> What the exercise asks
Please transcribe only the lines from the one holding "2018 Hyundai SANTA FE SE Ultimate" through the final line of the data, both included, with no pictures.

[Records from a dataset]
/---
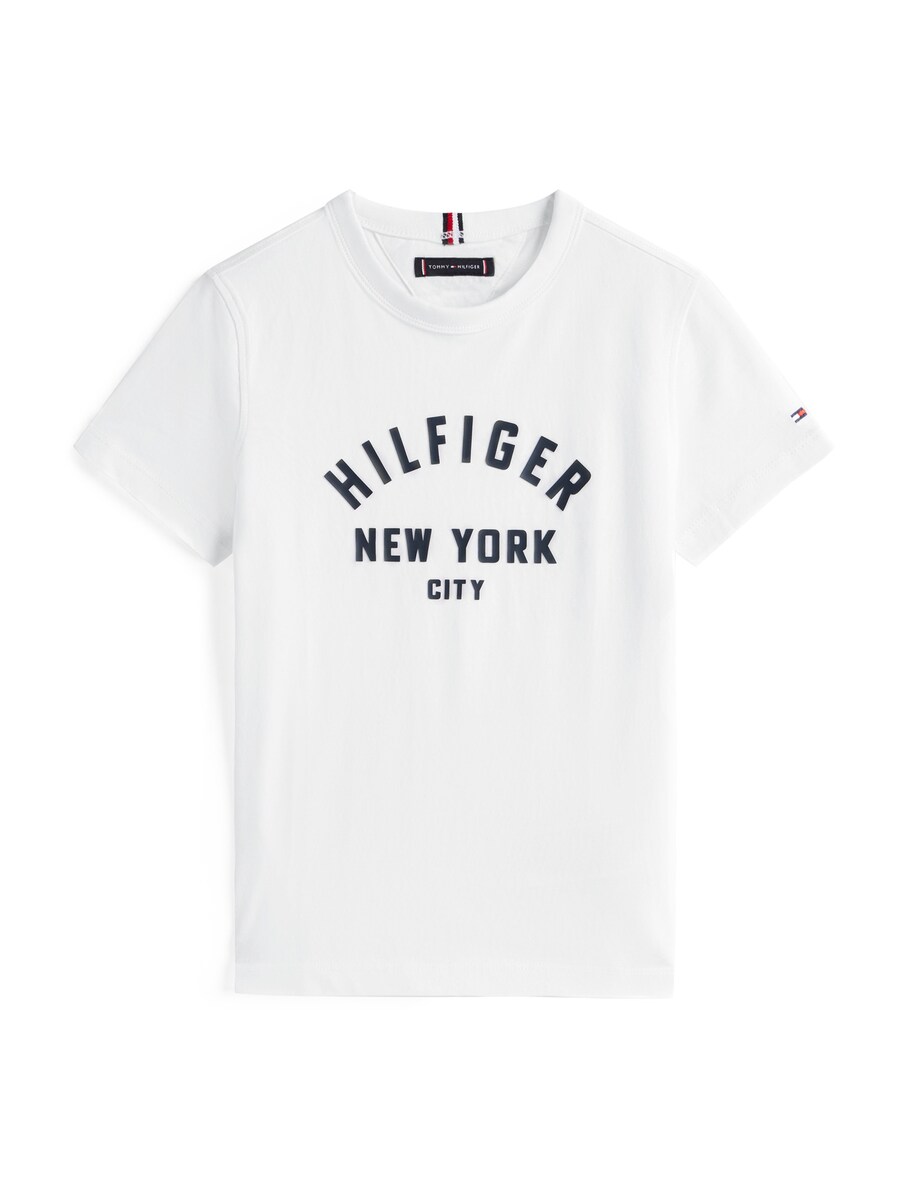 Рубашка TOMMY HILFIGER, белый
Рубашка TOMMY HILFIGER, белый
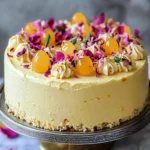 Indulge in Bliss with This Amazing Eggless Rasmalai Cake Delight 42 Indulge in Bliss with This Amazing Eggless Rasmalai Cake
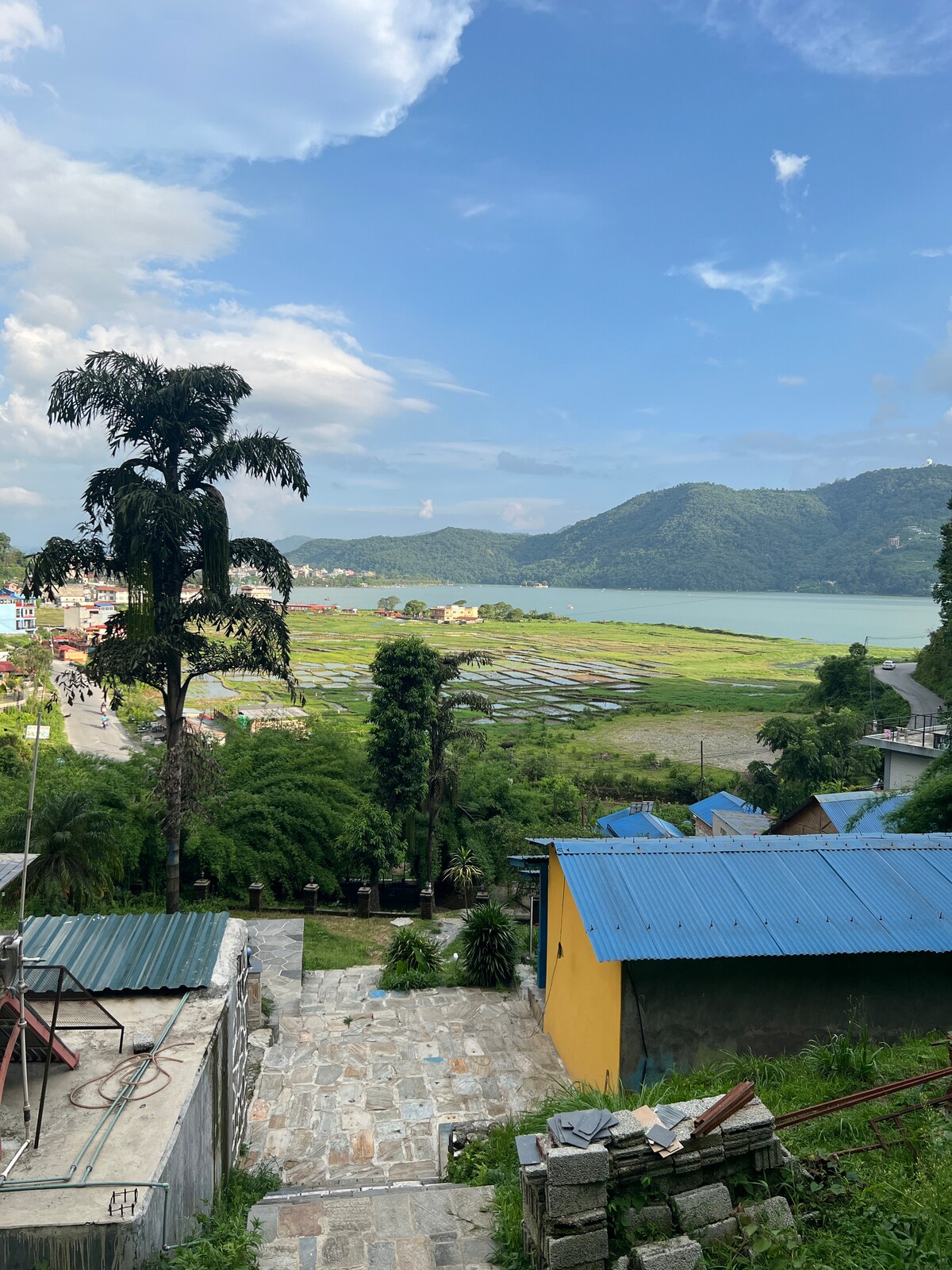 Aarohan Lakeside Benedict — photo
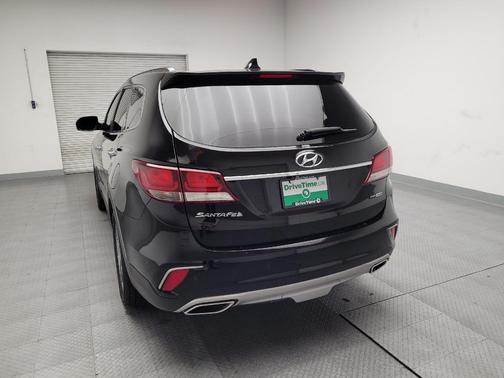 2018 Hyundai SANTA FE SE Ultimate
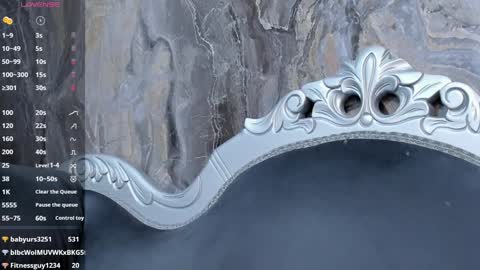 LIAM KLEIN online show from 12.30.24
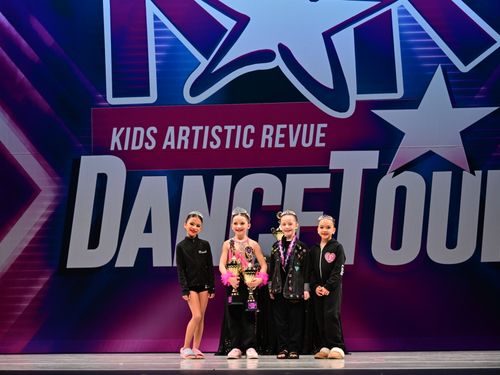 Redondo Beach, CA - 2/13/2026 - Awards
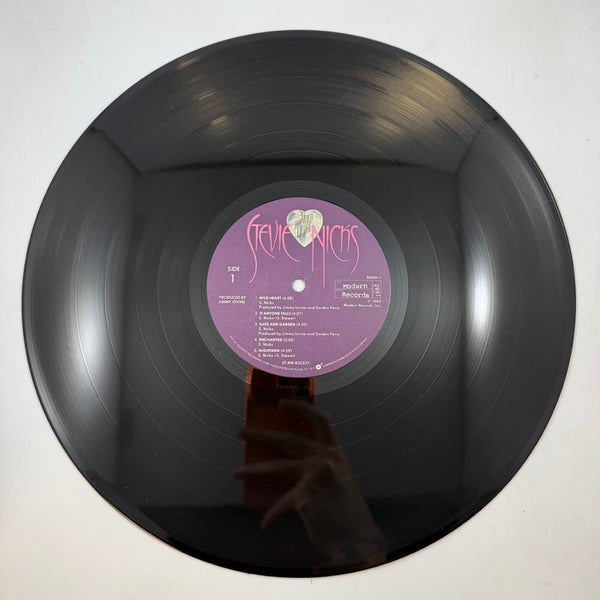 Stevie Nicks – The Wild Heart LP USED Vinyl NM/NM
\---
> Exercise response
 2018 Hyundai SANTA FE SE Ultimate
 LIAM KLEIN online show from 12.30.24
 Redondo Beach, CA - 2/13/2026 - Awards
 Stevie Nicks – The Wild Heart LP USED Vinyl NM/NM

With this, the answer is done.